START DATA RECORDS

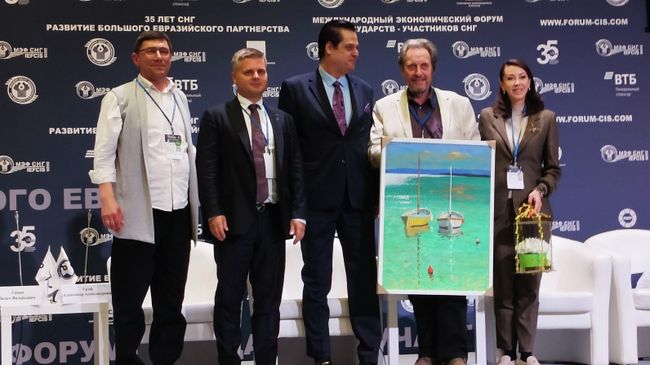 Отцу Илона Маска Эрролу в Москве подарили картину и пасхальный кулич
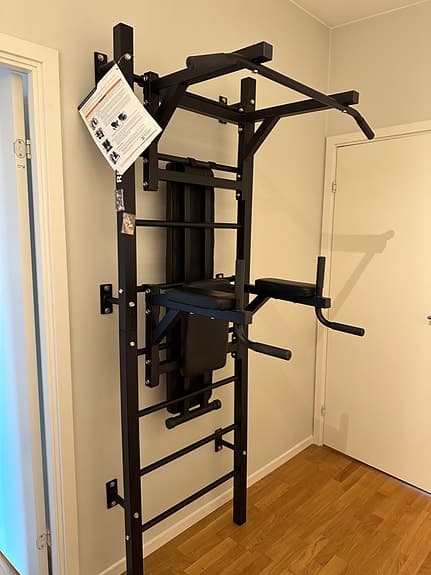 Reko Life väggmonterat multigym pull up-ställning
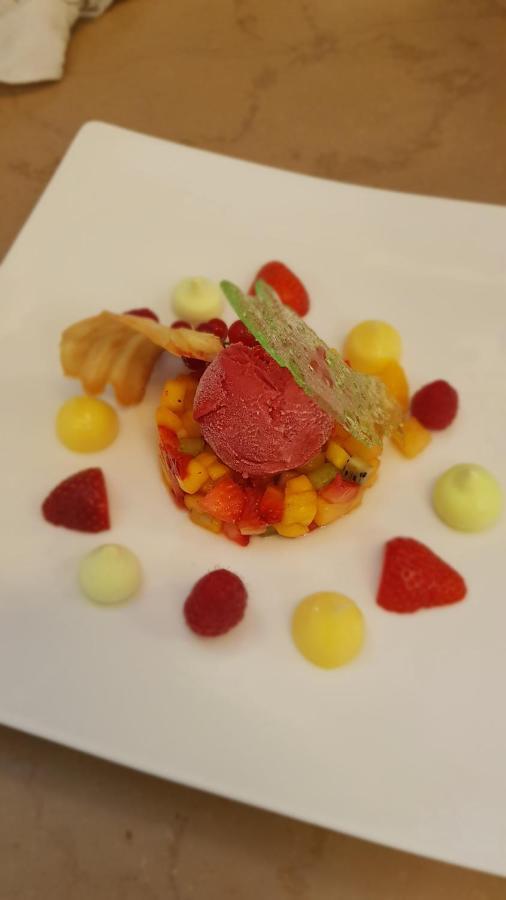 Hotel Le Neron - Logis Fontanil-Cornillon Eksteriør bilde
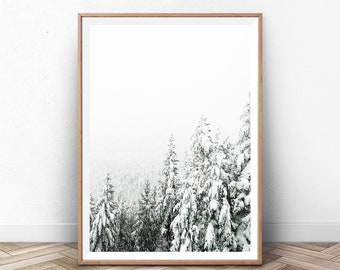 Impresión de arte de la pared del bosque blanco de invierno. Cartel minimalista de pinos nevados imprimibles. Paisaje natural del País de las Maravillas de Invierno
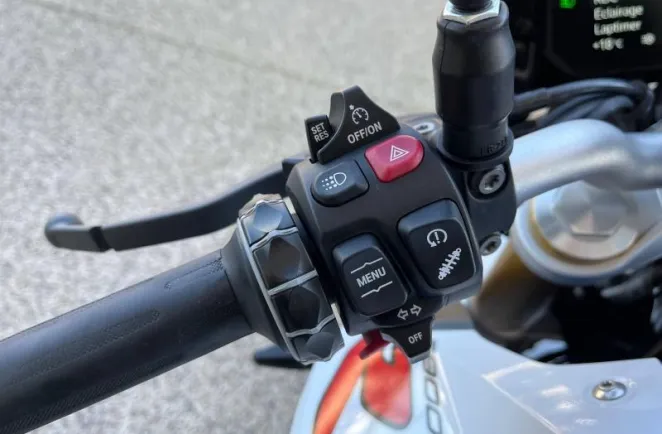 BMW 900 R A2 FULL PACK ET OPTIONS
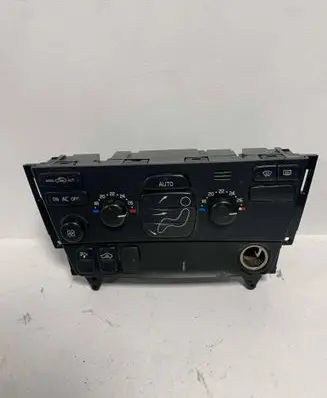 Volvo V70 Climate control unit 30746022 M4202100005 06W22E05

END DATA RECORDS
START DATA RECORDS

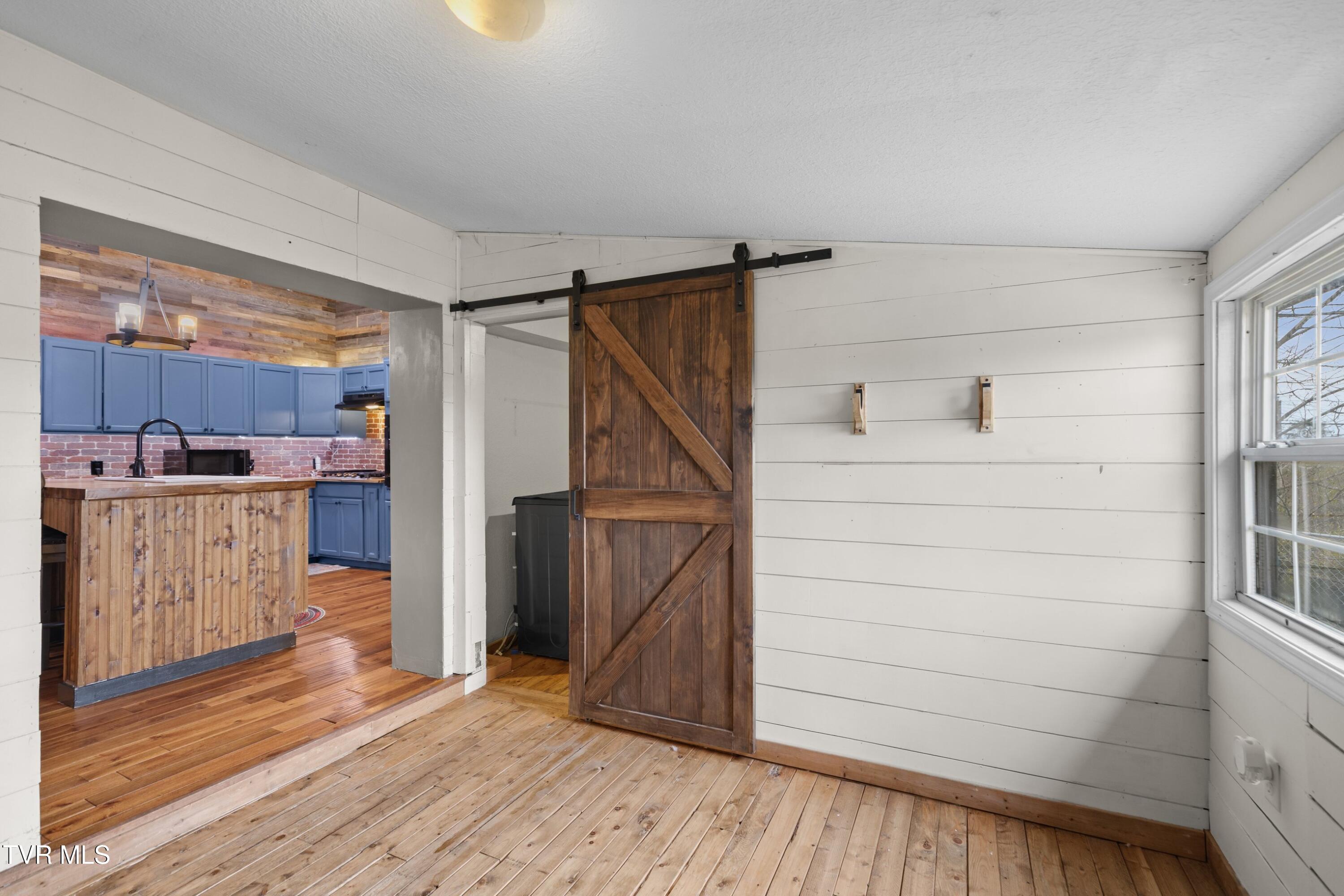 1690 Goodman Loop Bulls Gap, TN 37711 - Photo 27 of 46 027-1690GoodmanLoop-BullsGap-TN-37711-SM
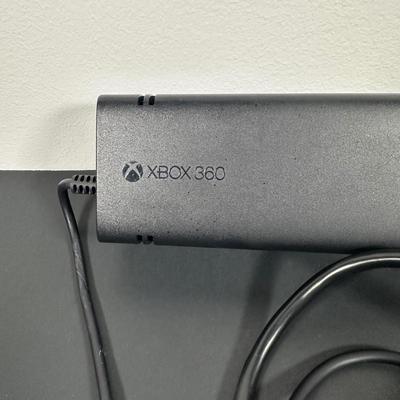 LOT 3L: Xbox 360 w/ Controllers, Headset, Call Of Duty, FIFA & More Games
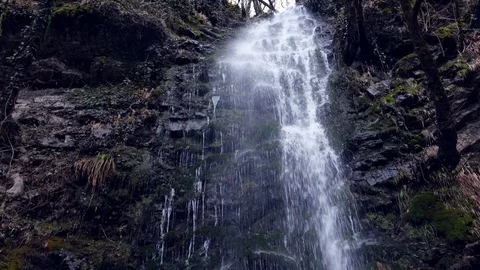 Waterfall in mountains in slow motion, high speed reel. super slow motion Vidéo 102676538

END DATA RECORDS
START DATA RECORDS

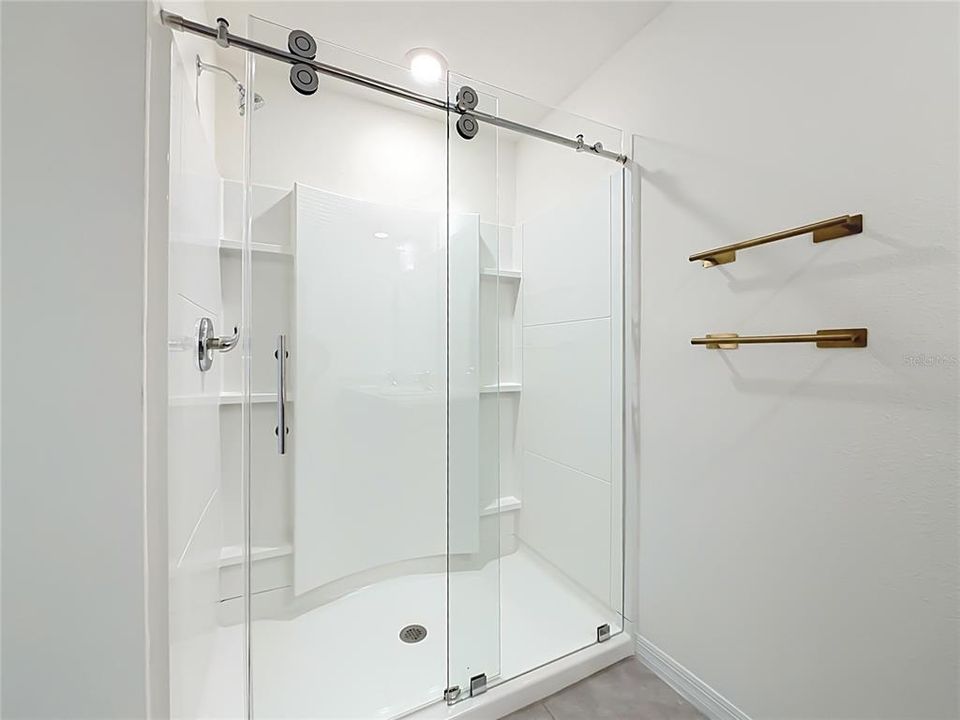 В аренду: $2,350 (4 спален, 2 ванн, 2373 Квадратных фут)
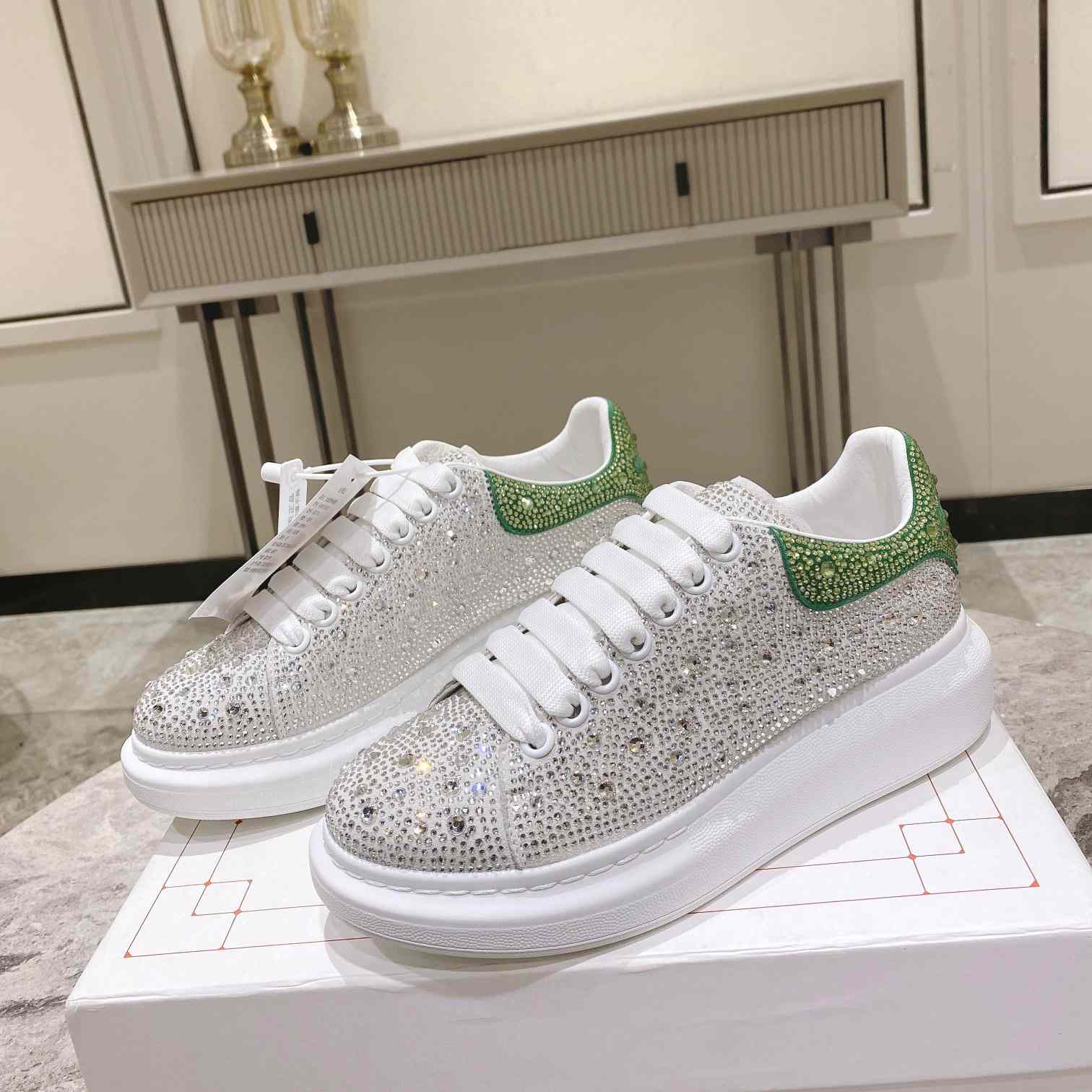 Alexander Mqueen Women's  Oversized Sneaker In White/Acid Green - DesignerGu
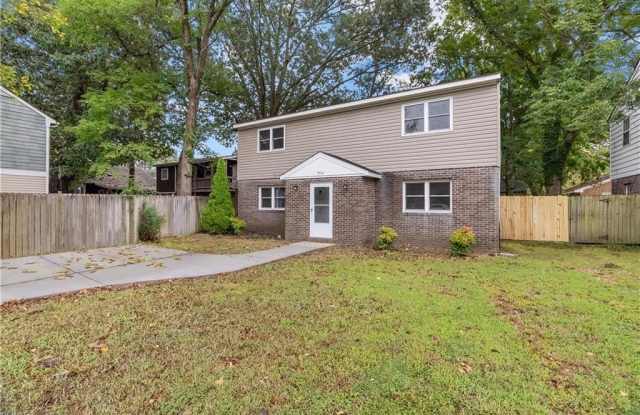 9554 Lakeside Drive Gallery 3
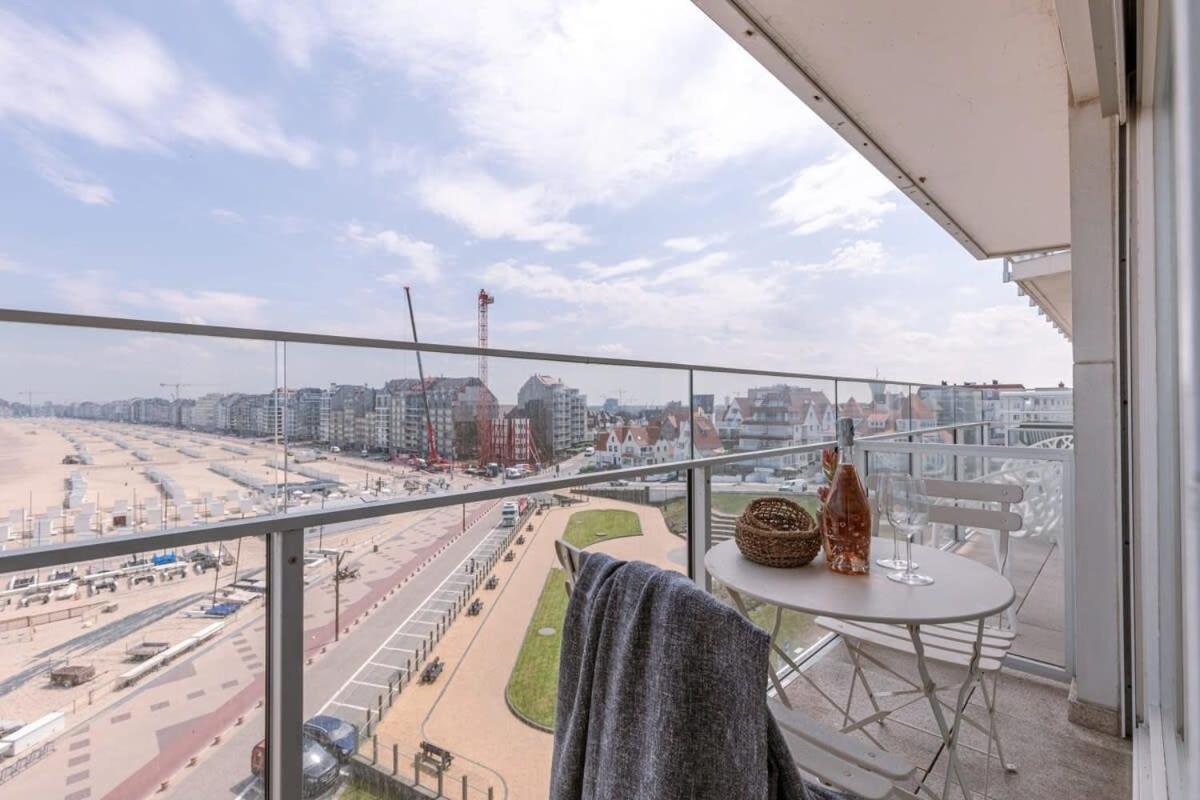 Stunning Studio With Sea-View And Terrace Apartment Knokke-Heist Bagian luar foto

END DATA RECORDS

— PROBLEM TO WORK ON —
Output exactly the lines above, beginning at the one with "Отцу Илона Маска" and stopping after the one with "Volvo V70 Climate". Pictures are to be omitted.

— RESPONSE TO THIS TASK —
 Отцу Илона Маска Эрролу в Москве подарили картину и пасхальный кулич
 Reko Life väggmonterat multigym pull up-ställning
 Hotel Le Neron - Logis Fontanil-Cornillon Eksteriør bilde
 Impresión de arte de la pared del bosque blanco de invierno. Cartel minimalista de pinos nevados imprimibles. Paisaje natural del País de las Maravillas de Invierno
 BMW 900 R A2 FULL PACK ET OPTIONS
 Volvo V70 Climate control unit 30746022 M4202100005 06W22E05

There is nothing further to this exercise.